PyCon LT 2023

Analyze your data at the speed of light with Polars and Kedro
2023-05-18 , Saphire C - Web Dev

Writing maintainable data science code is a big topic, and different people have different opinions on the best ways to do it. Wouldn't it be nice if there was an opinionated framework to set some structure and help data scientists be more effective and ship their analysis and models to production faster?

In this workshop we present Kedro, an opinionated Python framework for creating reproducible, maintainable and modular data science code. We will also show how you can combine it with Polars, a new dataframe library backed by Arrow and Rust, for lightning fast data manipulation and exploratory data analysis.


In this workshop we present Kedro, an opinionated Python framework for creating reproducible, maintainable and modular data science code.

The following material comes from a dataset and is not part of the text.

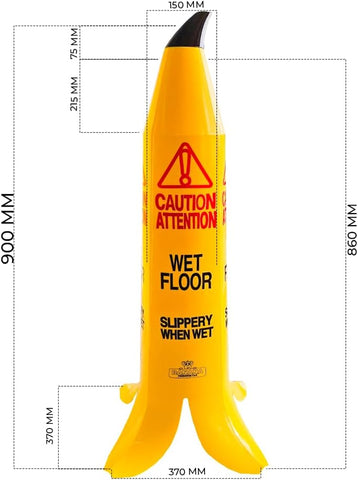Olmecs Wet Floor Banana Cones -90CM | Banana-Shaped Wet Floor Cone (1)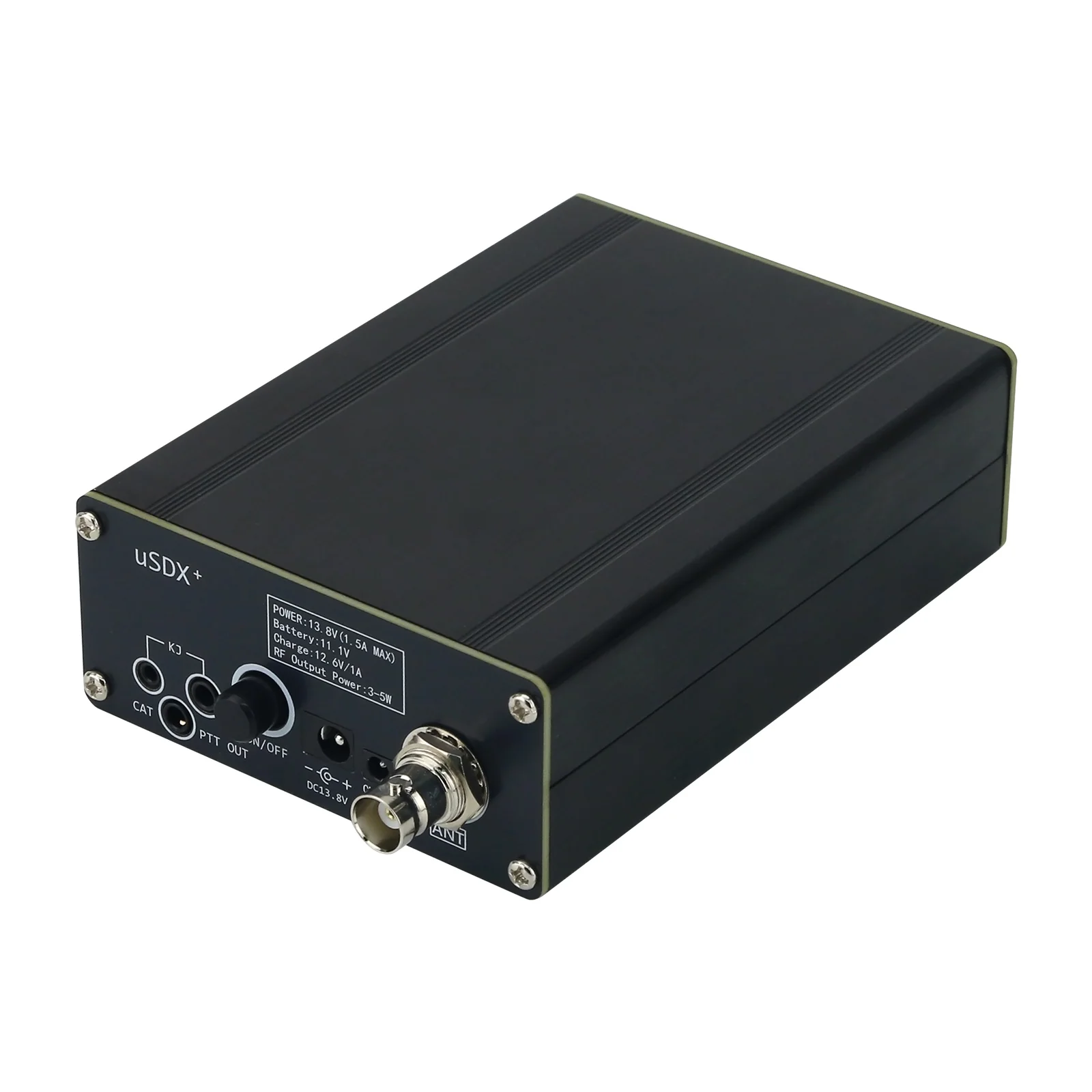 HamGeek USDX+ 3W-5W QRP SSB/CW HF Transceiver 8-Band SDR Upgraded Version of USDX w/ 3000mAh Battery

We will also show how you can combine it with Polars, a new dataframe library backed by Arrow and Rust, for lightning fast data manipulation and exploratory data analysis.

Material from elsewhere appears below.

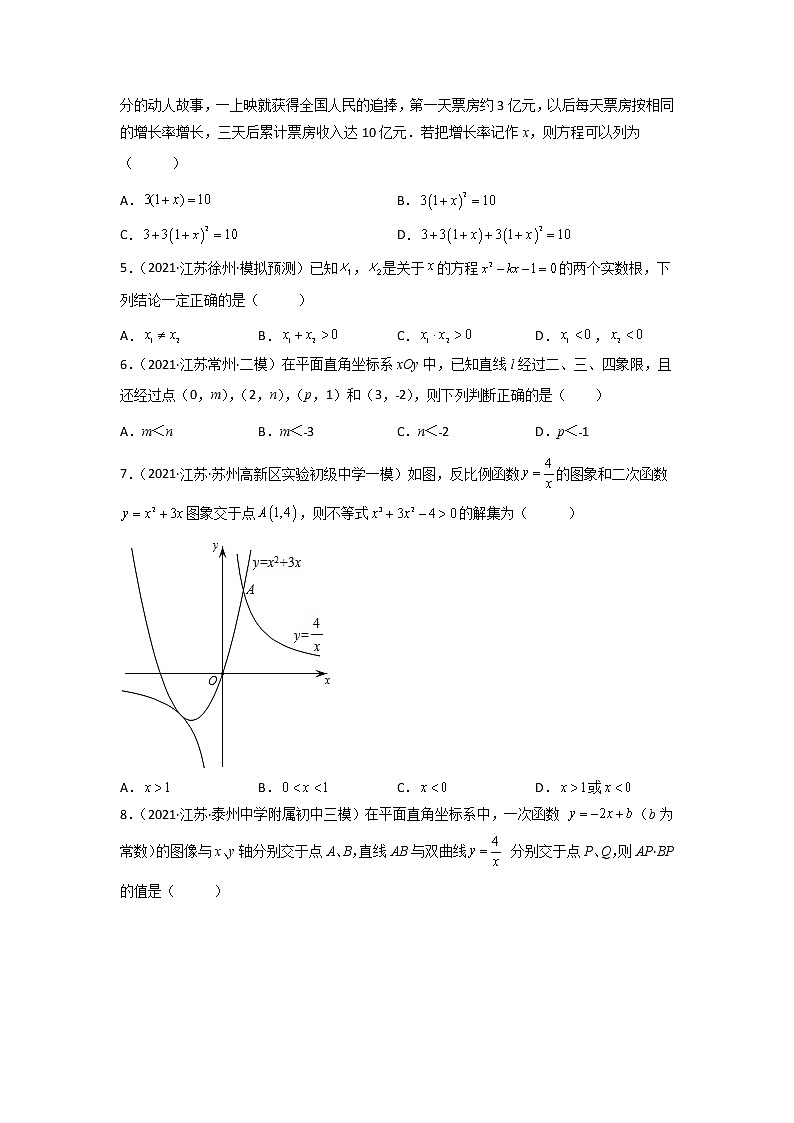专练02-50题(选择题-提升)2022中考数学考点必杀500题(江苏专用)(原卷版)第2页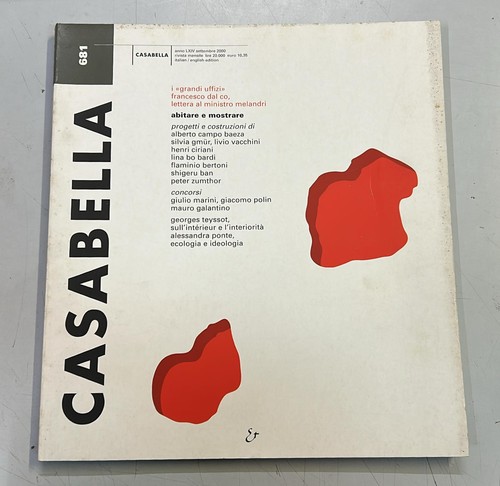 Casabella 681 rivista - 681,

Kedro is an open source (Apache 2.0) Python framework for maintainable data science that provides a series of project templates, a declarative data catalog, functionality to create function-based data pipelines, and a powerful visualization tool. It has a rich ecosystem of plugins and extensions and a thriving community.

Traditionally, Kedro has encouraged the use of pandas for data I/O and manipulation. In recent times, Polars has become increasingly popular thanks to its expressive API, its lazy evaluation system, its out of core capabilities, and its impressive performance.

The workshop will be hands on, and the outline is as follows:

  1. The problem of maintainability in data science code
  2. What is Kedro?
  3. Quick data I/O with Polars
  4. Introducing the Kedro catalog and the Jupyter integration
  5. Creating pipelines in Kedro
  6. More exploratory data analysis with Polars
  7. Plots in Kedro Viz

What is a level of your talk:

Intermediate

What topics define your talk the best?:

python, open source, PyData, optimization and speed, data science, machine learning, data engineering, open source

Juan Luis (he/him/él) is an Aerospace Engineer with a passion for STEM, programming, outreach, and sustainability. He works as Developer Advocate for Kedro, an opinionated data science framework, at QuantumBlack, AI by McKinsey. He has worked as Developer Advocate at Read the Docs, as software engineer in the space, consulting, and banking industries, and as a Python trainer for several private and public entities.

Apart from being a long-time user and contributor to many projects in the scientific Python stack (NumPy, SciPy, Astropy) he has published several open-source packages, the most important one being poliastro, an open-source Python library for Orbital Mechanics used in academia and industry.

Finally, Juan Luis is the founder and former chair of the Python España association, the point of contact for the Spanish Python community, former organizer of PyCon Spain, which attracted 800 attendees in its last in-person edition in 2022, and current organizer of the PyData Madrid monthly meetups.